Keberadaan preman di Indonesia telah lama menjadi perhatian masyarakat karena aksi mereka yang mengganggu keamanan dan perekonomian. Fenomena premanisme ini terbukti menyebabkan ketidaknyamanan bagi pelaku usaha yang khawatir akan tindakan premanisme yang dilakukan oleh ormas. Sebagai contoh, pada tahun 1901, Karesidenan Madiun mengalami aksi premanisme yang melibatkan perampokan, pemalakan, dan kekerasan terhadap warga sipil. Salah satu insiden terbesar terjadi di Purwodadi dimana rumah orang kaya menjadi sasaran preman.

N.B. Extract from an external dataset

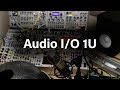 Intellijel Audio IO 1U & Jacks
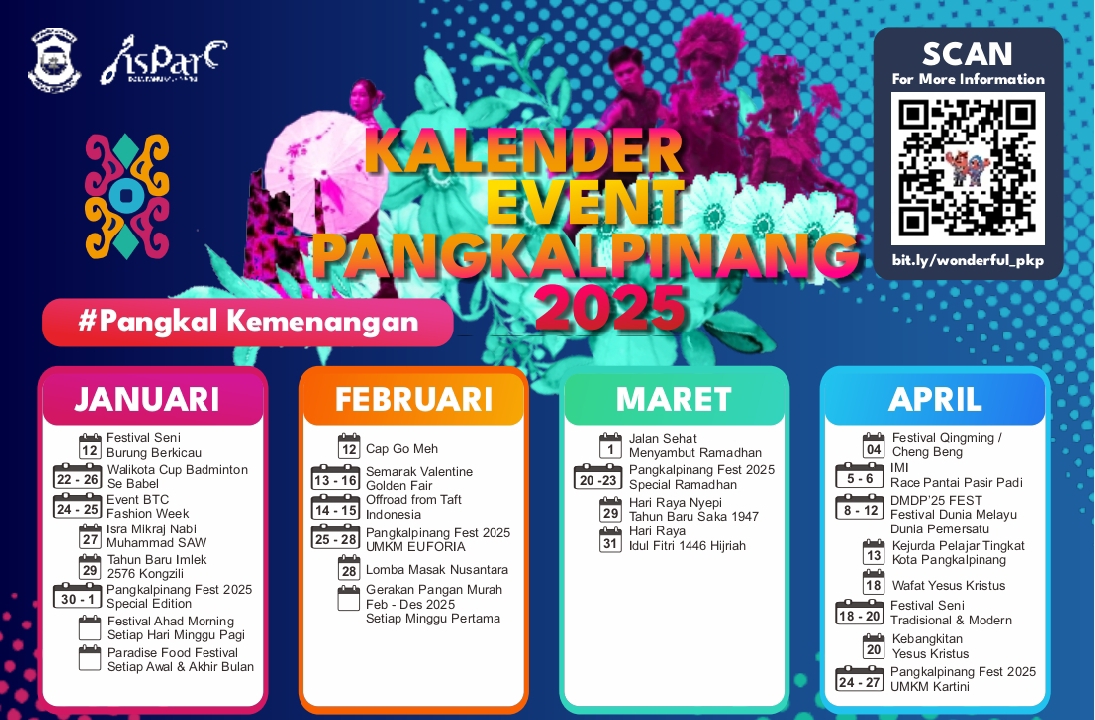 Kalender Event Pangkalpinang 2025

Para jagoan dari Madiun turun ke jalan dan merampok rumah serta stasiun kereta api Paron di Ngawi untuk menggasak kas negara yang tersimpan di sana. Keberanian para preman membuat warga merasa ketakutan, dan polisi pun kesulitan untuk menenangkan situasi. Bahkan, pemerintah daerah terpaksa meminjamkan senjata kepada warga sipil, terutama warga Eropa, untuk mempertahankan diri dari aksi preman.
Di balik aksi preman di Madiun, terdapat konflik politik antara Residen J.J Donner dan Bupati Madiun, Brotodiningrat. Donner mencurigai Brotodiningrat sebagai dalang aksi premanisme karena merasa terganggu dengan banyaknya kasus pencurian yang menyasar rumah orang Eropa. Hasil investigasi mengungkap bahwa Brotodiningrat mengepalai kelompok kraman atau dunia hitam yang terdiri dari bandit dan jagoan, yang dikenal sebagai preman.
Meskipun Brotodiningrat membantah tuduhan Donner, investigasi yang dilakukan oleh sang Residen membuktikan sebaliknya. Akibatnya, kekuasaan Bupati Madiun tersebut berakhir lebih cepat. Tanpa adanya kontrol dari Brotodiningrat, kelompok preman di dunia hitam menjadi bergejolak dan menyebabkan kekacauan di Madiun selama berbulan-bulan. Situasi baru kembali normal setelah pengunduran diri sang Residen Donner.